How do fabricated responses affect the measured population?
One consideration in enumerating the TCP alive population of any given protocol are network tarpits: IPs masquerading as fake hosts, responding positively with a TCP SYN-ACK to all TCP SYN probes. We discovered 1.9M TCP alive IPs that oddly appear in all five TCP scans. To confirm that these are tarpits, we scanned these IPs on a random high port six days after the original scan—89% responded positively, strengthening our belief that these are tarpits. If, as is common practice, transport alive IPs are taken as a proxy for the service population (e.g., IPs that respond to TCP SYN probe on port 80 with SYN-ACK represent Web servers), then the 1.9M tarpit IPs inflate HTTP, HTTPS, and CWMP footprints by 3–4% of their original size, SSH by 10% and Telnet as high as 23%. To mitigate bias due to tarpits in studies conducting transport-layer measurements from which to make application-layer inferences, simultaneously probing a high random port number for liveness can aid in identifying such instances.
What fraction of the host population that responds to a certain probe/protocol can also be captured when probed for different protocols?
The figure above shows the conditional probabilities for activity (which includes both positive and negative responses) of our probed TCP- and UDP-based protocols. For ICMP, we considered network-layer aliveness (i.e., IPs that respond with ICMP EchoReply). The bottom-most row shows that a significant fraction of transport active hosts (26% on average for TCP services and 12% for UDP) cannot be discovered via ICMP. This is an important consideration, given that it is common practice to use the subset of ICMP-alive IP addresses for further scans, e.g., to measure service availability. The TCP and UDP blocks indicate varying degrees of correlation in filtering behaviour across services, when seen pair-wise. Some protocols are highly-correlated: for example, a Telnet-active host is very likely to elicit a response from both SSH and HTTPS. This suggests that the same seed set of IP addresses can be potentially used to bootstrap multiple highly-correlated target populations to reduce scan traffic.
Summary
Internet-wide scanning depends on a notion of liveness: does a target IP address respond to a probe packet?
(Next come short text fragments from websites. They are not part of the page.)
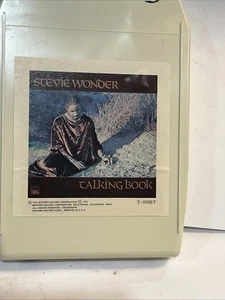 Stevie Wonder 8 Track Tape - Imagen 1 de 5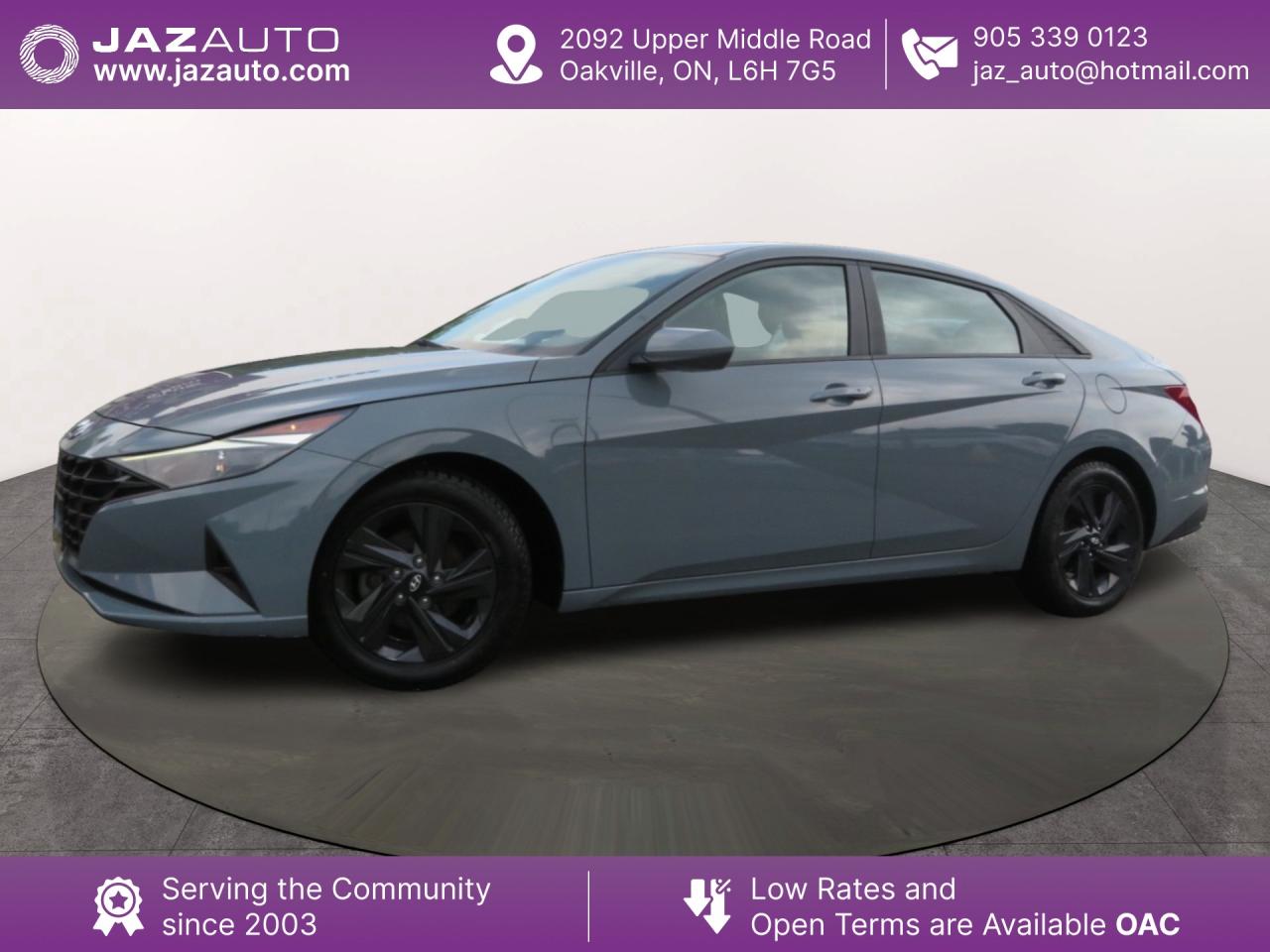 2022 Hyundai Elantra Preferred IVT w/Sun & Tech Package Photo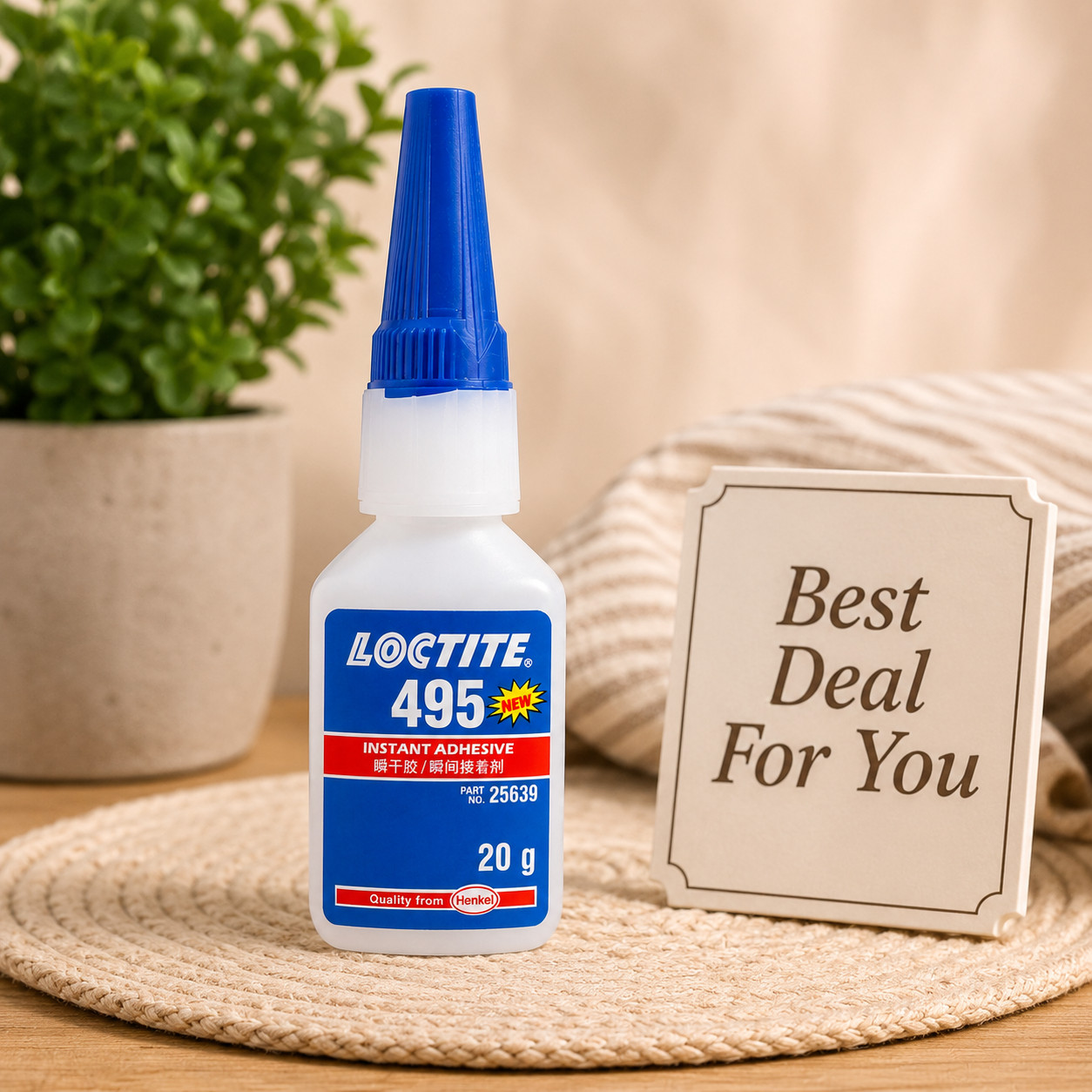 Loctite 495 Super Glue High Strength Instant Adhesive Henkel Bonder Adhesives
However, the interpretation of such responses, or lack of them, is nuanced and depends on multiple factors, including: how we probed, how different protocols in the network stack interact, the presence of filtering policies near the target, and temporal churn in IP responsiveness. Although often neglected, these factors can significantly affect the results of active measurement studies. In our recent ACM SIGCOMM CCR paper Scanning the Internet for Liveness, we presented a systematic analysis of liveness and how it manifests in active scanning campaigns, yielding practical insights and methodological improvements for the design and the execution of active Internet measurement studies. We released the code and data of this work as open source to allow for reproducibility of the results, and to enable further research.
Going forward, we are keen to deepen our understanding of active scanning in multiple dimensions, looking at: (1) liveness at the application layer, (2) how liveness varies over time and IP space, and (3) the multivariate probability distributions of transport layer liveness, and exploring using existing results and their correlations to reduce scan traffic.